• **What you will do**
Each line of the data below goes into the copy exactly; pictures do not.

• **Data below**

..........

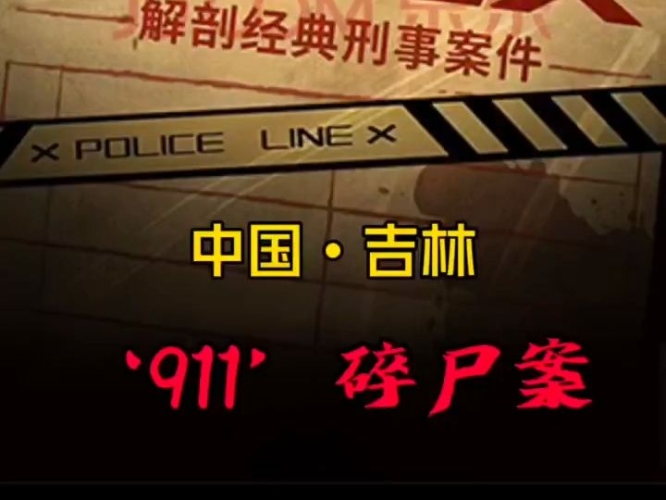 911国产观看专区国产911专区，揭开神秘面纱，展现真实世界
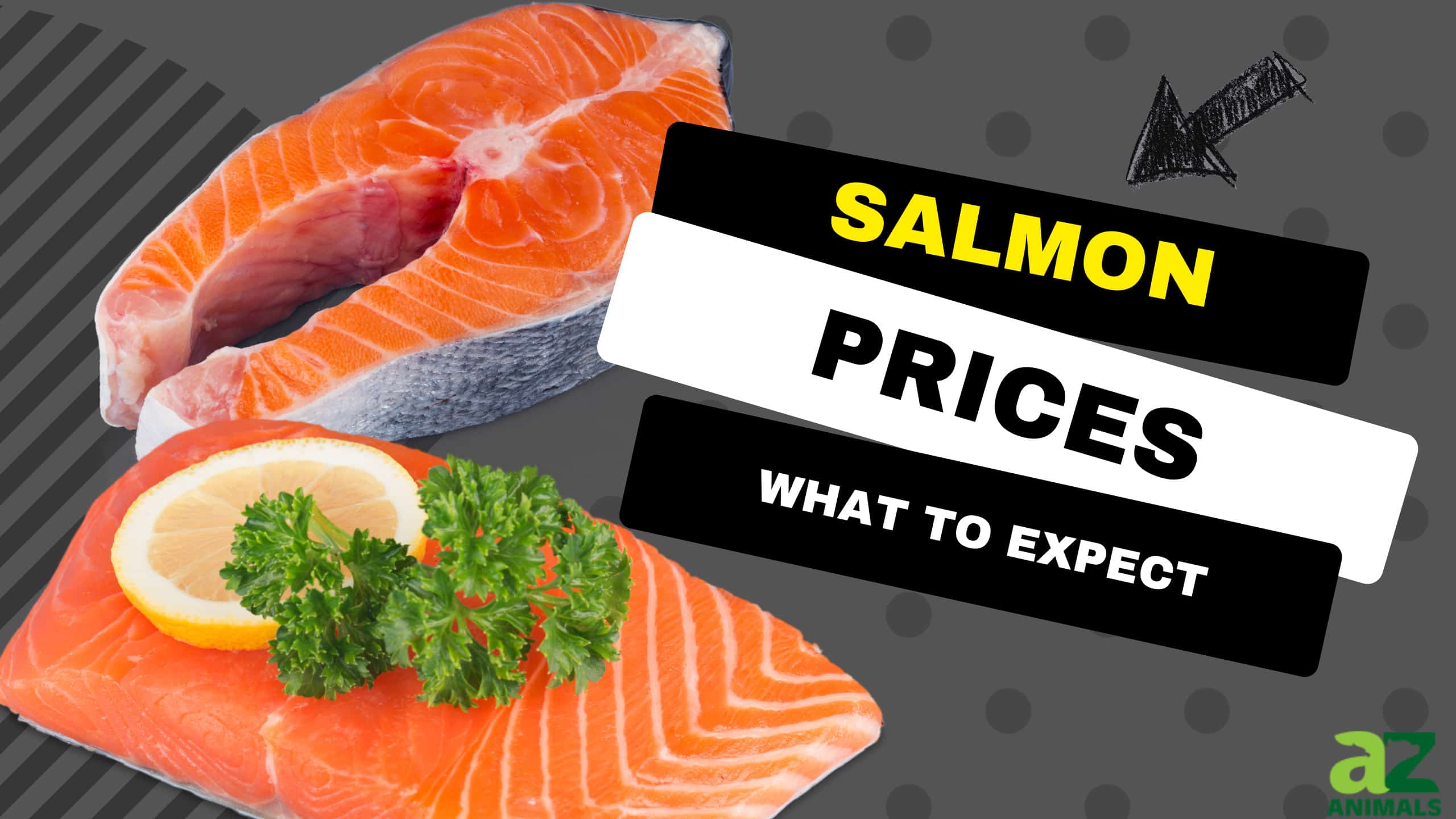 Salmon Prices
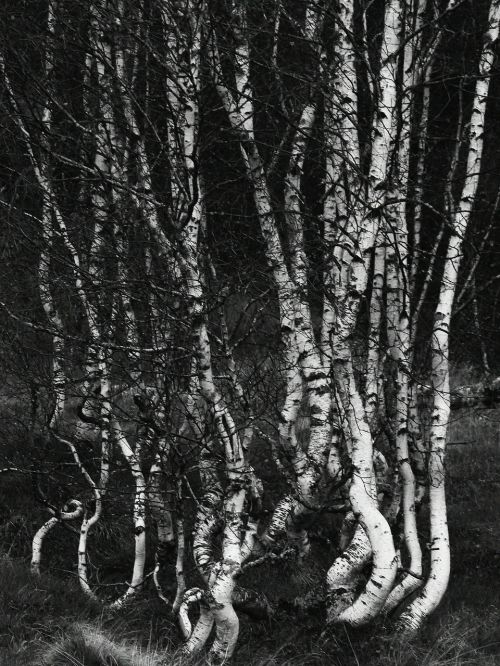 birch trees forest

..........

• **Answer**
 911国产观看专区国产911专区，揭开神秘面纱，展现真实世界
 Salmon Prices
 birch trees forest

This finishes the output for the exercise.